Ontology Databases
Paea Le Pendu
Committee: Dejing Dou (chair), Zena Ariola, Christopher Wilson, Monte Westerfield
Dissertation Defense(Mar 2010)
Keywords:

On the one hand, ontologies provide a means of formally specifying complex descriptions and relationships about information in a way that is expressive yet amenable to automated processing and reasoning. When data are annotated using terms from an ontology, the instances inhere in formal semantics. Compared to an ontology, which may have as few as a dozen or as many as tens of thousands of terms, the annotated instances for the ontology are often several orders of magnitude larger, from millions to possibly trillions of instances. Unfortunately, existing reasoning techniques cannot scale to these sizes.

On the other hand, relational database management systems provide mechanisms for storing, retrieving, and maintaining the integrity of large amounts of data. Relational database management systems are well known for scaling to extremely large sizes of data, some claiming to manage over a quadrillion data.

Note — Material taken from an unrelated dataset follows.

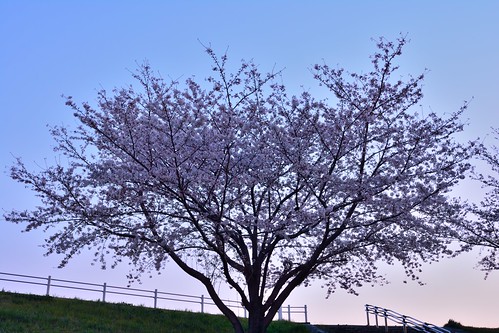 tokyo japan dawn sunrise spring d7100 nikon nikond7100 trees sakura arakawa river riverbank cherryblossom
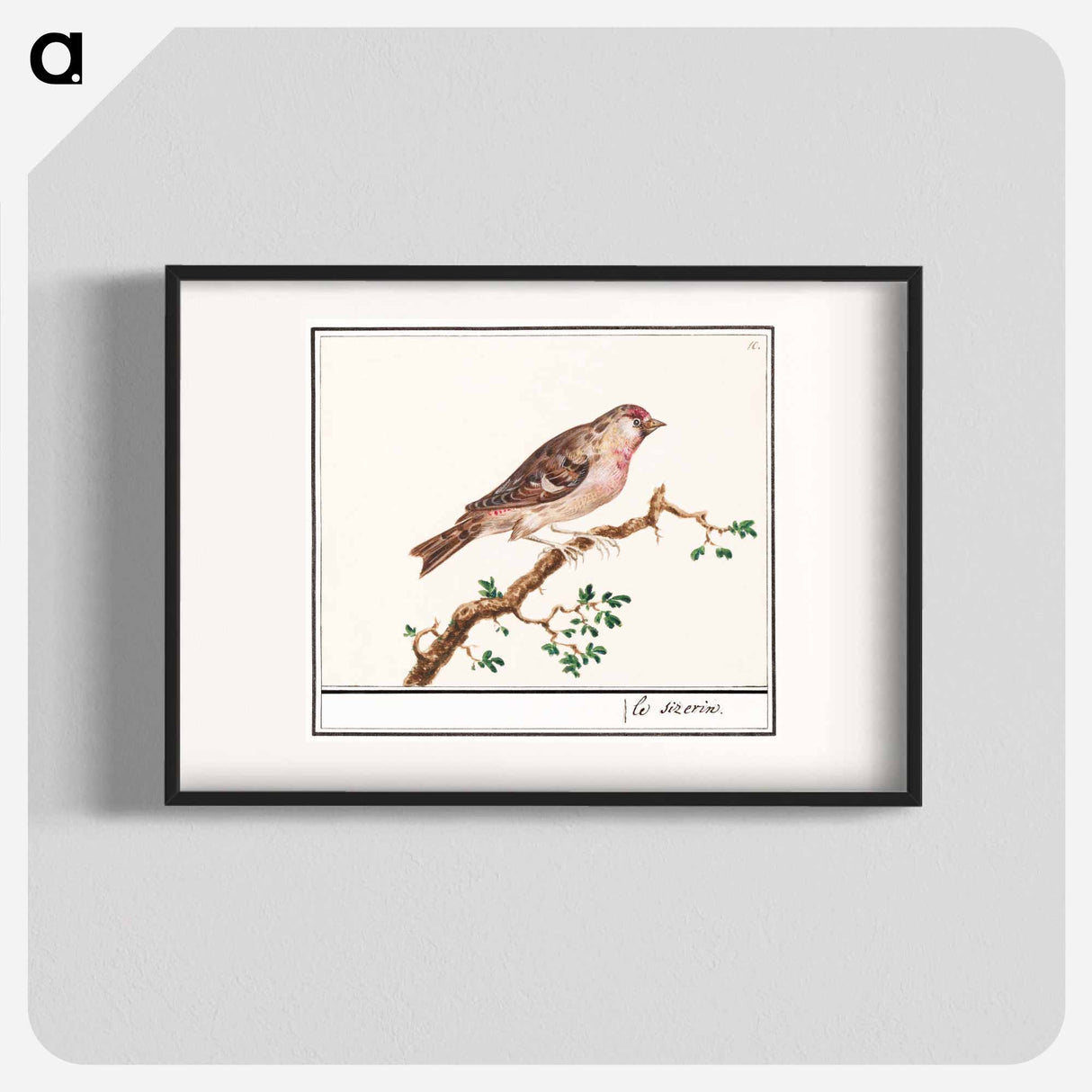 Redpoll - アンセルムス ボエティウス デ ブート Poster.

This dissertation defines ontology databases as a mapping from ontologies to relational databases in order to combine the expressiveness of ontologies with the scalability of relational databases. This mapping is s01J,nd and, under certain conditions, complete. That is, the database behaves like a knowledge base which is faithful to the semantics of a given ontology. What distinguishes this work is the treatment of the relational database management system as an active reasoning component rather than as a passive storage and retrieval system. The main contributions this dissertation will highlight include: (i) the theory and implementation particulars for mapping ontologies to databases, (ii) subsumption based reasoning, (iii) inconsistency detection, (iv) scalability studies, and (v) information integration (specifically, information exchange). This work is novel because it is the first attempt to embed a logical reasoning system, specified by a Semantic Web ontology, into a plain relational database management system using active database technologies. This work also introduces the not-gadget, which relaxes the closed-world assumption and increases the expressive power of the logical system without significant cost. This work also demonstrates how to deploy the same framework as an information integration system for data exchange scenarios, which is an important step toward semantic information integration over distributed data repositories.